Pardal spends two hours a day dealing with the battered finances that the PP found itself with when it took over after 20 years of leftist rule by the Socialists and the nationalists of BNG. The providers alone are owed nearly seven million euros. "I'm okay with it, by being methodical and trying to keep everything under control, one bit at a time," he says. The main problem is how to pay 500 overdue bills. A 1.2-million-euro loan from the Spanish credit institution ICO will allow the town to pay off around 10 percent of the amount it owes. "We'll see how we deal with the rest," says Pardal, looking concerned.
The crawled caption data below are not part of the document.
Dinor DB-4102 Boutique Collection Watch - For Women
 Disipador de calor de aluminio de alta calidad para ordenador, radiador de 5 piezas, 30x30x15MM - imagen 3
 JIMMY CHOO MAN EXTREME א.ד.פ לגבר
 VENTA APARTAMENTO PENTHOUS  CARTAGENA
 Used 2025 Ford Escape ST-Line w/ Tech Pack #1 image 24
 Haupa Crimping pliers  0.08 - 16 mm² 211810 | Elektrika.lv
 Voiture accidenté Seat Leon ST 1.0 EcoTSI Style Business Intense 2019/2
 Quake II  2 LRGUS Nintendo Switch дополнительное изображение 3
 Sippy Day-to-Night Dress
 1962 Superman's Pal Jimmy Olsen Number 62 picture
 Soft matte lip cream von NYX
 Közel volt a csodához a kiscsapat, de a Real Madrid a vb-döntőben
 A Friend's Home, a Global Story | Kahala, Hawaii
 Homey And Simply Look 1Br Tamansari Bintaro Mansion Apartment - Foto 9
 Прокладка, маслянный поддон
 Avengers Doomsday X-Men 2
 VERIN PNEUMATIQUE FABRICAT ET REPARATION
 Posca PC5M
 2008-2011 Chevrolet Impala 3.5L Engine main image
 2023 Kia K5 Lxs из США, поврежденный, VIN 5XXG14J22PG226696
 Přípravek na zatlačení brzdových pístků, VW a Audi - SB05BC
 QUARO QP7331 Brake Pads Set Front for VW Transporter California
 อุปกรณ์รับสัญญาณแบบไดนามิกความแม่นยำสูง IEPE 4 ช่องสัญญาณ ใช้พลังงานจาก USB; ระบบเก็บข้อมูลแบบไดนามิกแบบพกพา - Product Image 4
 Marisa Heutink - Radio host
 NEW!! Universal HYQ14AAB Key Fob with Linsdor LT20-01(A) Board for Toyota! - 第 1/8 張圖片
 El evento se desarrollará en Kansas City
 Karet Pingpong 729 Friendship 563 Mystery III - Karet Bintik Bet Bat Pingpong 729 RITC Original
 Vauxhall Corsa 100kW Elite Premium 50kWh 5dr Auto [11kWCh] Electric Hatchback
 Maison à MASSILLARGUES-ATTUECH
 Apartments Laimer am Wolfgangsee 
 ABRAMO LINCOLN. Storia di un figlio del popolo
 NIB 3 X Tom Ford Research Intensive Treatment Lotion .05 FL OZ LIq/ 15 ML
The city official has words of praise for the municipal staff, despite the fact that there is a glut of workers: 400 employees whose salaries take up fully half of the town's 30-million-euro budget. "I can't complain because they're all doing their job and they're very committed." Still, the city is planning a labor force adjustment plan. "Well, yes, but who is free of that threat these days? You're not, either here or anywhere else."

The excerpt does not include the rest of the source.